Evaluate why concluding 'tachycardia means a heart problem' is flawed reasoning and name the cognitive bias involved.
Common mistakes to avoid
A single abnormal vital sign confirms a diagnosis.Individual findings are non-specific; only a converging pattern across categories supports a probable diagnosis.
An elevated D-dimer proves a blood clot.D-dimer rises in many conditions, so a positive result only raises probability and must be read in clinical context.
Check your understanding
A patient presents with a heart rate of 122 bpm, blood pressure of 90/60 mmHg, respiratory rate of 26 breaths per minute, and a serum lactate level of 4.2 mmol/L (normal is below 2.0 mmol/L). Which interpretation best applies clinical reasoning to this data set?

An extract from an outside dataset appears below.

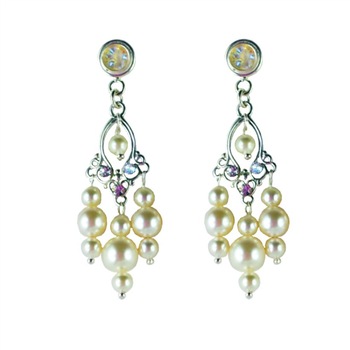 Cercei cu perle si cristale, crem, pentru mireasa, cu surub Cercei cu perle si cristale, crem, pentru mireasa, cu surub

A student argues that because tachycardia is present, the patient must have a heart problem. Which principle of clinical reasoning does this argument violate?
A clinician orders a D-dimer blood test on a febrile patient with suspected pneumonia. The result comes back elevated. Which statement most accurately interprets this finding?
Recap
Diagnosis is an evidence-based argument built from four categories — symptoms, vital signs, examination signs, and tests — that must converge on one explanation. Clinicians build a differential, interpret each result against pre-test probability using Bayesian updating, and avoid anchoring on an early guess.
Reflect
How would you guard against anchoring bias when your first impression seems very convincing?